Okulda başarısı düşerse çocuk açısından olduğu kadar öğretmenler açısından da 
sorguluyorlardı sebebini. 
Yoksul ailelerde ise okul dışı aktivite neredeyse hiç yoktu.  Katılan çocuk da kendi çabasıyla 
katılıyordu.  Otorite karşısında pısıyorlar, suskun kalıyorlardı. Hep geri planda duruyorlardı. 
Lareau varlıklı sınıfın yetiştirme tarzına ‘ Hedefe Yönelik’ adını veriyor. Bu  tarz, çocuğun 
yeteneklerini, fikirlerini ve becerilerini aktif biçimde geliştirme ve değerlendirme girişimidir. 
Yoksul aileler ise aksine ‘Doğal Büyüme Stratejisi’  izler. Çocuğun bakım sorumluluğunu 
üstlenirler fakat kendi halinde büyüyüp gelişmeye bırakırlar. 
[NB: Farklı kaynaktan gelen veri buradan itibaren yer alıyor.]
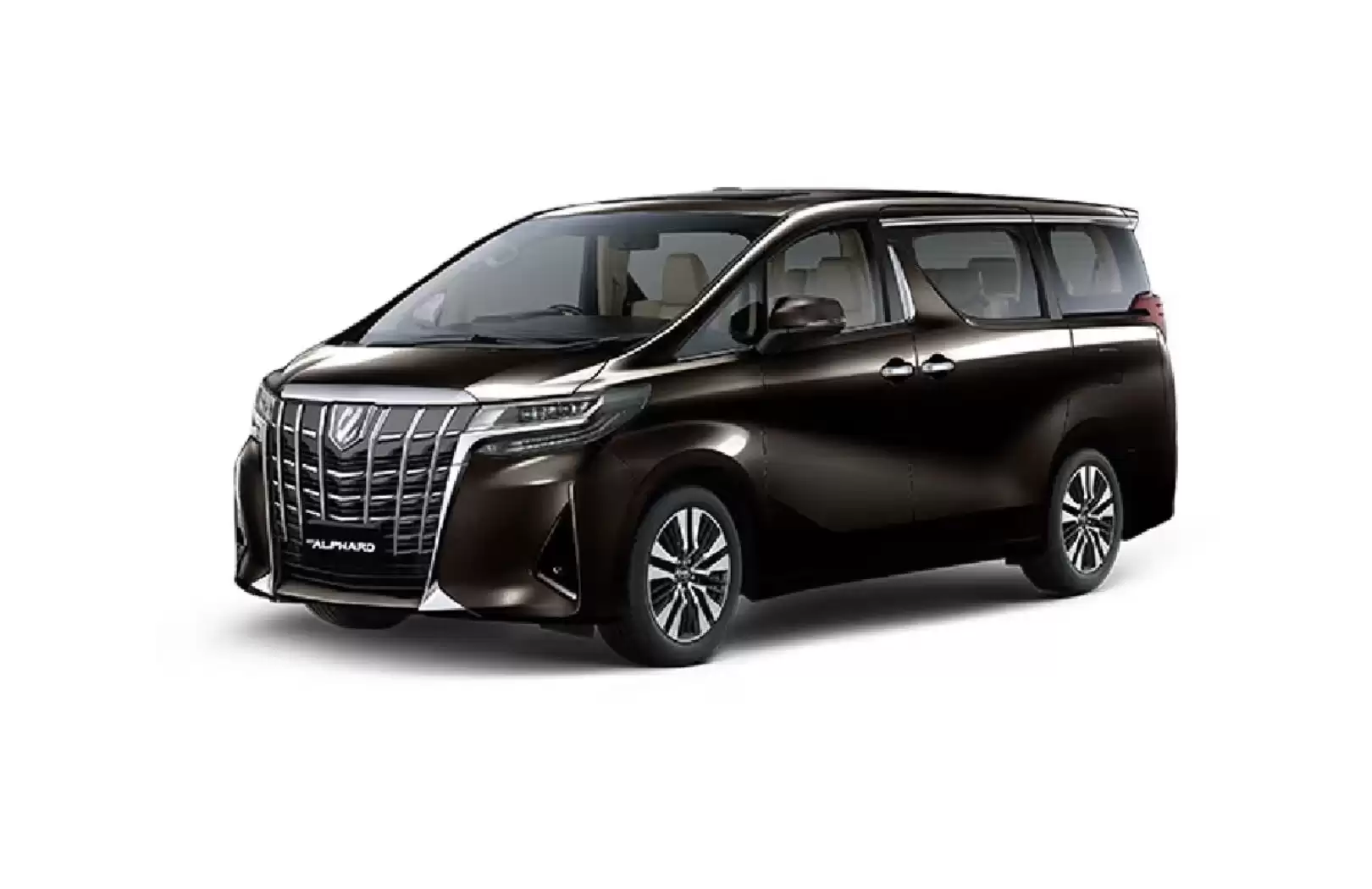 Toyota Alphard FL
Lareau, bir yöntemin ahlak açısından diğerinden daha iyi olmadığını vurguluyor. Yoksul 
çocukları daha terbiyeli, daha az mızmız, vaktini daha yaratıcı biçimde kullanan, bağımsızlık 
duygusu gelişmiş çocuklar olarak nitelendiriyor.  Hedefe yönelik tarzın da pratik anlamda 
büyük yararları vardır. Çocuk değişik deneyimler kazanır. Takım çalışmasını ve disiplinli 
durumlarla başa çıkmayı öğrenir.  Büyüklerle rahat ilişki kurmayı ve gerektiğinde karşı fikrini 
dile getirmeyi becerir. Hakkını koruma bilincine sahiptir. Ortamı kendi tercihlerine göre 
şekillendirir. Aksine, yoksul çocuk olumsuzluklarla karşılaştığında güvensizleşir ve kendi 
kabuğuna çekilir. 
Varlıklı çocuk kendisine saygılı davranılmasına alışıktır. Kendisini özel biri olarak büyüklerin 
ilgi ve dikkatine layık görür. 
Bu özelliklerin hiçbiri genlerden gelmez. Irka bağlı da değildir. Tamamen ailesinin 
davranışının, öğretisinin ve teşviklerinin sonucudur. Bir kültür meselesidir. Varlıklı çocuk 
yalnızca daha iyi okullara gittiği için değil, daha önemlisi ‘hakkım var ve layığım’ duygusunun 
öğretilmesi dolayısıyla modern dünyada başarılı olmaya daha yatkındır. Yoksul çocuğun 
otorite karşısında itiraz etmeyi, kendi fikrini söylemeyi ve haklarını kollamayı becerememesi 
büyük handikap teşkil eder.   
 
Terman’ın denekleri de tamamen dahi çocuklardan seçilmişti.  Büyüdüklerinde ortaya çıkan 
muazzam yaşam ve başarı seviyesi farkının nedenleri incelendiğinde başlıca etkenin 
yetiştikleri aile olduğu görüldü.  En iyi duruma gelenler kitap okuyan, çoğu yüksek okul 
mezunu, nispeten varlıklı ailelerden geliyordu. En  alt seviyedekilerin aileleri yoksul ve 
tahsilsizdi. En iyiler gelir, kariyer ve mevki üstünlüğü yanında daha çekici, oturaklı, cevval ve 
iyi giyimliydiler. Bu 4 özellik en alt seviyedekilerle karşılaştırıldığında iki ayrı insan türüne 
bakıyor gibiydiniz. Hepsi deneye aynı seviyede başlamış, ancak alttakileri çevresi dünyaya 
hazırlamadığından yitik yetenek olup çıkmışlardı. Bu da bize şunu gösteriyor ki hiç kimse, ne 
pop yıldızları, ne profesyonel sporcular, ne yazılım milyarderleri ve hatta ne de dahiler tek 
başlarına başarılı olurlar. 

BÖLÜM 5 
JOE FLOM’DAN 3 DERS 
Joe Flom büyük buhran yıllarında New York’ta Yahudi bir göçmen ailenin çocuğu olarak 
doğmuştu.  Aile aşırı yoksuldu.  Joe küçük yaşta avukat olmayı kafasına koymuştu.  Azmetti, 
çalıştı ve Harvard’ı bitirdi.  Tipinden ve Yahudi oluşundan dolayı  iş için başvurduğu hiçbir 
büyük avukatlık firması onu kabul etmedi. Nihayet 3 avukatın kurduğu yeni yetme Skadden 
ve Arps firmasında iş buldu.  Kısa sürede firmanın büyük ortağı oldu. 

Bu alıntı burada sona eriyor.